Manitoba farmers intend to plant a record-large soybean crop again in 2012, as good returns and improved varieties have led soybeans to gain an ever-larger foothold in the province.
After seeing acreage rise steadily over the past five years, soybean seedings in the province are forecast to hit 800,000 acres in 2012, according to the Statistics Canada planting intentions report released Tuesday.
If realized, that would compare with the previous record for soybeans in the province of 575,000 acres, set in 2011.
Planted area that large would also see Manitoba move ahead of Quebec to be the second-largest soybean-producing province in the country, behind Ontario.
"We're adding more and more (soybean) acres into Manitoba every year," said Dennis Lange, a farm production administrator specializing in pulse crops with Manitoba Agriculture, Food and Rural Initiatives in Altona.
Over the winter, he said, the consensus in the market had been for acres in the 700,000 area. He said 800,000 was possible, but noted that weather conditions will need to co-operate at seeding time to reach that level.
Conditions look reasonably good for planting in the soybean-growing regions of the province right now, but the crop won't be planted for a few more weeks, said Lange.

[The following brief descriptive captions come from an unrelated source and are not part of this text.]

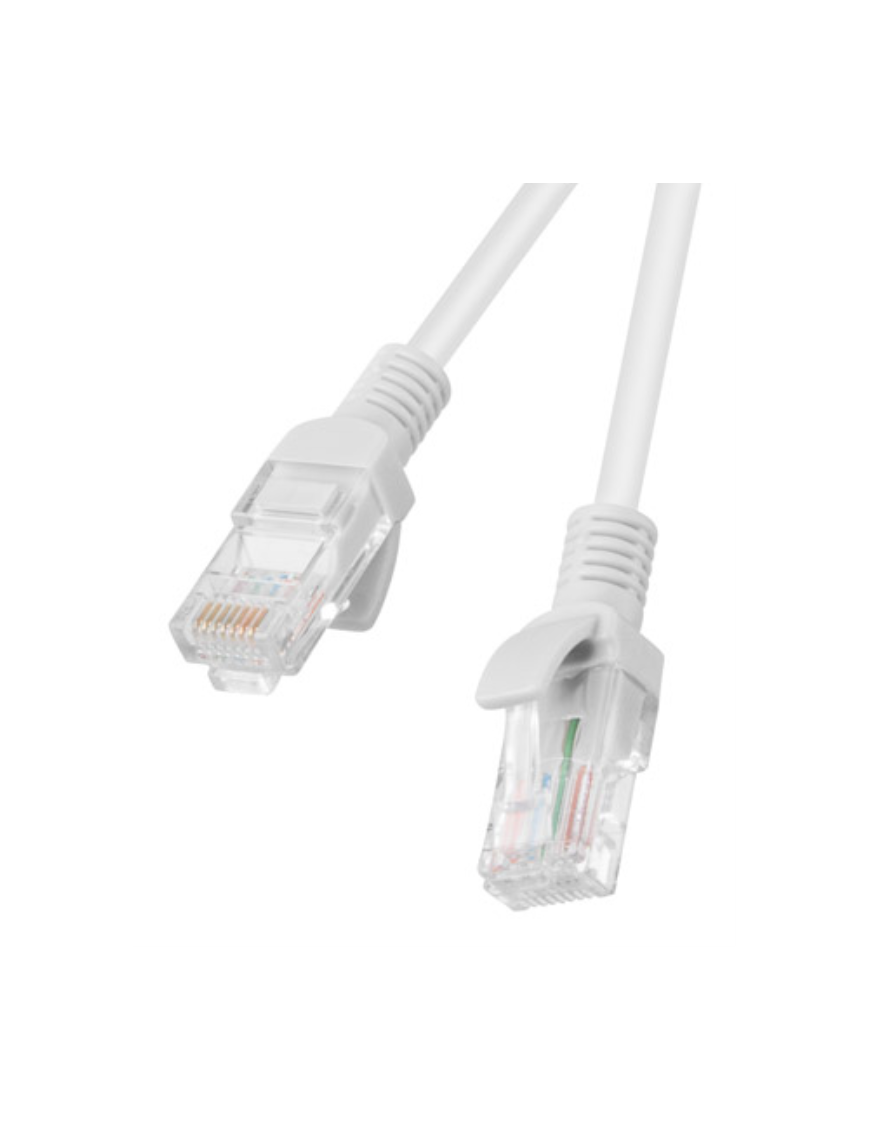 Lanberg PCU6-10CC-0200-S cable de red Gris 2 m Cat6 U/UTP (UTP)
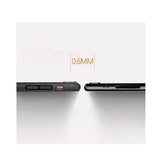 iPhone 6 / 6s | iPhone 6/6s - Usams Vintage Slim Læder Bag Cover - Sort - DELUXECOVERS.DK
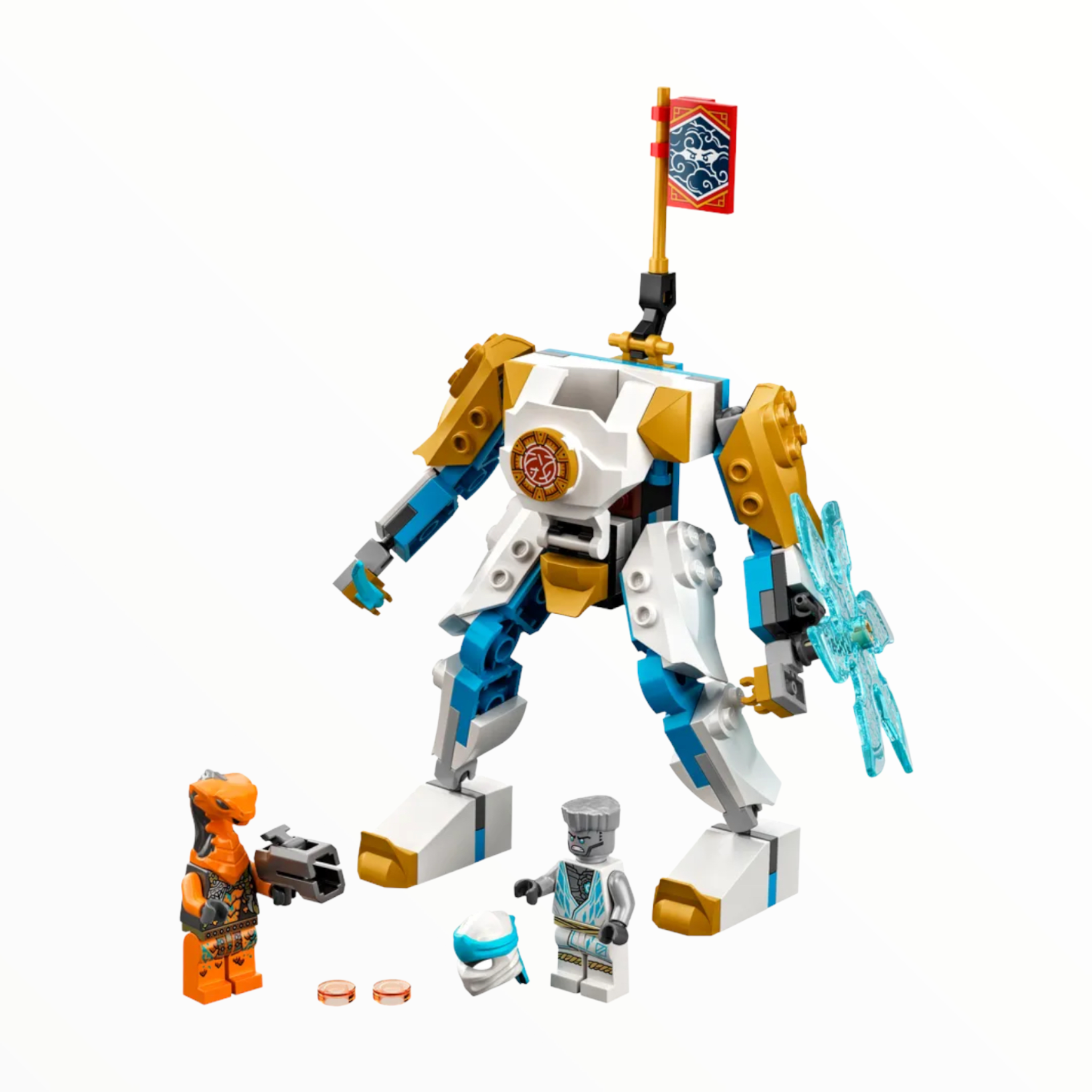 71761 Ninjago Zane’s Power Up Mech EVO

"The dollar value a farmer gets for growing a soybean crop has been good for producers in Manitoba," he said. Improved varieties that are better suited to Manitoba's shorter growing season have also done much to increase the interest in planting the crop, he added.
Wet conditions in recent years have helped grow the soybean industry in the province as well, as soybeans fared very well under the excessive moisture, said Lange.
Soybeans were taking some area away from dry beans in the province, especially on the "fringe" edible bean-growing areas, he said.